Try a longer more flexible pick. Try cutting a pick out of a stiff plastic take-out container from a Deli- make it 1 1/2" long and about a 1/2" wide, tapering to a rounded end. As you get faster, you might not want stiff short Herdim picks for playing fast tunes. Don't do any flatpicking on various strings. Basically you are strumming across all strings every time. Personally, I never flatpick at all- and flatpicking is a technique that is already amply covered in the teachings of more modern dulcimer playing styles. Some people do, however, angle their pick sometimes so they they purposely avoid hitting the drones on certain parts of the tune. Or, they angle it to only hit a low drone on some particular beat. These are cool techniques you can experiment with later.

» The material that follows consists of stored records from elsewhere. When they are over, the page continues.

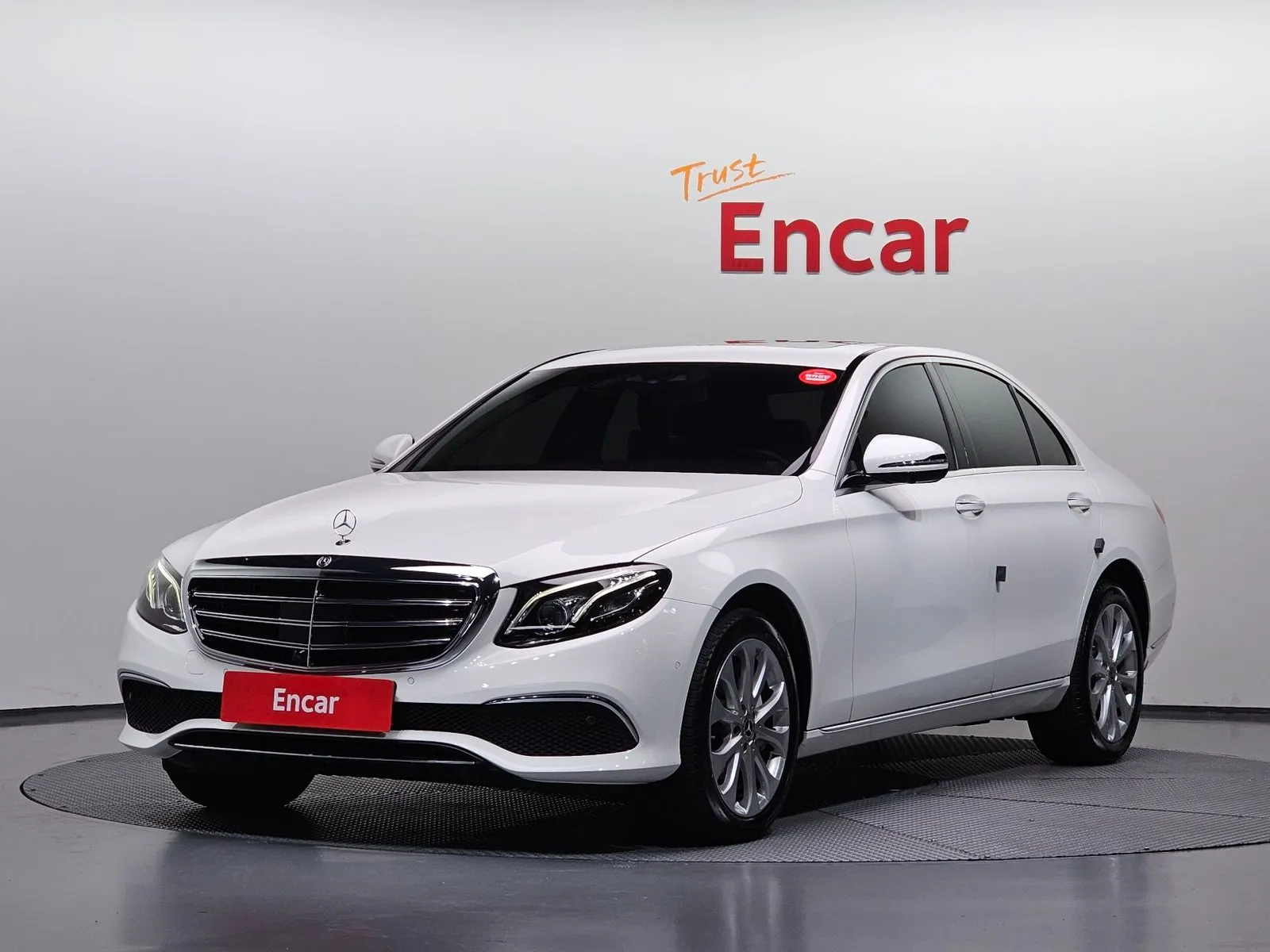 Mercedes-Benz E-Class E300 4MATIC Exclusive, снимка 1 от 20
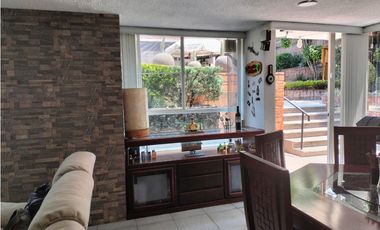 HERMOSA RESIDENCIA EN CIRCUITO ECONOMISTAS, CON ESTUPENDOS ESPACIOS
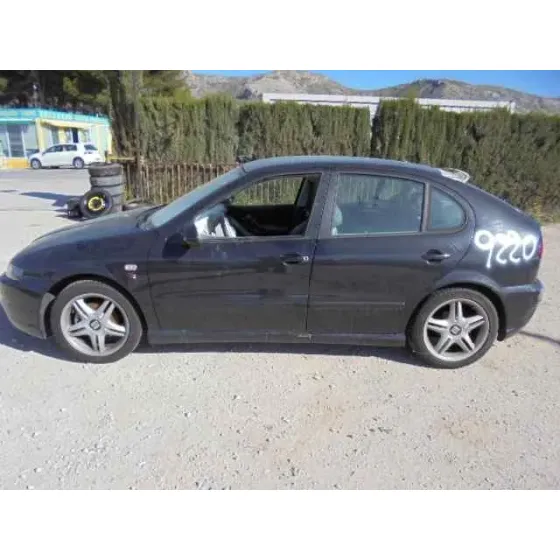 SEAT LEON (1M1) '2004 SPORTS LIMITED NEGRO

Your beginning rhythm strum will be something like DOWN, down-up, DOWN, down-up. Like a galloping horse sound. Go to my YouTube Channel, HERE, and watch my videos about beginning strumming and using a noter.
Work on the strums and then work in your notes like TWINK, kel-l, TWINK, kel-l, LIT, tel-l, STAR, down-up.... You may need to practice your strum rhythm by holding your left hand on the strings to mute them and just practice your strumming without driving everyone in the neighborhood insane. Nothing comes without practice, but just remember that the first few days are the very hardest, from then on it will slowly, slowly get EASIER. Don't be frustrated, just try to enjoy the simple zen quality of the resonant sounds you are making. Think of yourself as a loon calling out a single lonesome note that echoes over the lake. There is profound beauty in a single heartfelt note. Let it come from within you and enjoy its pure beauty.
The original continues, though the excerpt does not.